[PPC64LE] Add PPC64LE dynarec infrastructure with MOV opcodes by runlevel5 · Pull Request #3592 · ptitSeb/box64

runlevel5 · 2026-02-28T12:56:03Z

Summary

Add the core dynarec infrastructure for PPC64LE with 3 MOV opcodes as proof the pipeline works end-to-end. Follows the incremental approach of the RV64 dynarec initial commit (5a9b896).

Depends on #3591 (platform support PR) — please merge that first.

Changes (36 files, ~9200 lines)

Core Infrastructure

Emitter (ppc64le_emitter.h): Instruction encoding macros for PPC64LE ISA. Argument order follows Power ISA assembly convention (Rt, offset, Ra) — documented in header comment.
Helper (dynarec_ppc64le_helper.h/c): STEPNAME-aliased macros and core functions (geted, move32/move64, jump_to_epilog/jump_to_next, call_c/call_n, grab_segdata, emit_pf). Displacement modes use named constants (DISP_NONE/DISP_D/DISP_DQ) and magic numbers replaced with PPC64_DISP_MAX.
Register mapping (ppc64le_mapping.h): x86-64 to PPC64LE register mapping, ELFv2 ABI-compliant.
Functions (dynarec_ppc64le_functions.c/h): fpu_reset, inst_name_pass3, updateNativeFlags, get_free_scratch, ppc64le_fast_hash, plus FPU register management stubs.
Architecture (dynarec_ppc64le_arch.c): CancelBlock, FillBlock, AddMarkRecursive, native address resolution, jump table support.
Constants (dynarec_ppc64le_consts.c/h): Constants table management (unused arrays removed per review).

Assembly

ppc64le_prolog.S / ppc64le_epilog.S: Dynarec entry/exit.
ppc64le_next.S: Block-to-block dispatcher.
ppc64le_lock.S/h: Atomic operations (LL/SC pairs, mutex-based 128-bit CAS).

Opcodes (3 MOV instructions in `_00.c`)

0x89 — MOV Ed,Gd
0x8B — MOV Gd,Ed
0x8D — LEA Gd,Ed

Stubs

Printer returns "???" for all instructions (will be expanded later).
_66.c, _f0.c, _66f0.c contain only DEFAULT fallback.
FPU/SSE/AVX cache functions are empty stubs, following RV64 initial commit pattern.

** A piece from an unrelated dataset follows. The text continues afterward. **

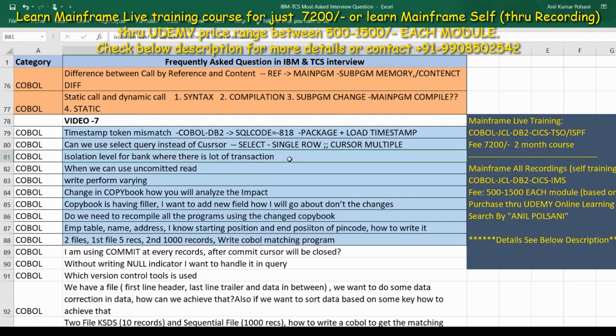This is the type of cursor used in the project. For a transaction bank or any bank project, the isolation level to use is cursor stability — CS, cursor stability. This is the appropriate isolation level for a multi-user system with locking.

Shared Dynarec Modifications

CMakeLists.txt, dynarec_native_pass.c, dynarec_arch.h, dynarec_helper.h, dynarec_next.h, native_lock.h, dynacache_reloc.h, dynarec.c: PPC64LE #elif branches.

Review Changes

Removed dynarec_ppc64le_arch.h and WIN32 guard (ptitSeb)
Removed unused constant arrays from dynarec_ppc64le_consts.c (ptitSeb)
Renamed DQ_ALIGN to DISP_NONE/DISP_D/DISP_DQ named constants (ptitSeb)
Replaced magic number 32768 with PPC64_DISP_MAX constant (ptitSeb)
Added emitter argument order convention comment (ptitSeb/classilla)
Removed unused GOCOND macro (~80 lines) (ptitSeb)
Fixed x87_get_st_empty macro bug, removed duplicate dynarec64_F0 (self-audit)
Removed BEQZ_safe alias no longer needed after GOCOND removal

Notes on Reviewer Feedback

Re: unused macros in helper.h (ksco): Most macros in dynarec_ppc64le_helper.h are required by the shared dynarec_native_pass.c or are building blocks used by other macros. The genuinely unused items (GOCOND, duplicate dynarec64_F0) have been removed.

Re: unused functions in functions.c (ksco): All 19 public functions are called from shared dynarec infrastructure (dynarec_native.c, dynarec_native_pass.c, dynarec_native_functions.c, dynarec.c). None can be removed without breaking compilation.

Re: ALSL/BSTRPICK_D/BSTRINS_D names (ksco): These LoongArch names do not exist in the PPC64LE code. The PPC equivalents are already named SLADDy, BF_EXTRACT, and BF_INSERT.

Re: AVX 256-bit (ksco): PPC64LE has 128-bit VSX only. The AVX macros are shared infrastructure stubs required by dynarec_native_pass.c — they don't imply 256-bit support.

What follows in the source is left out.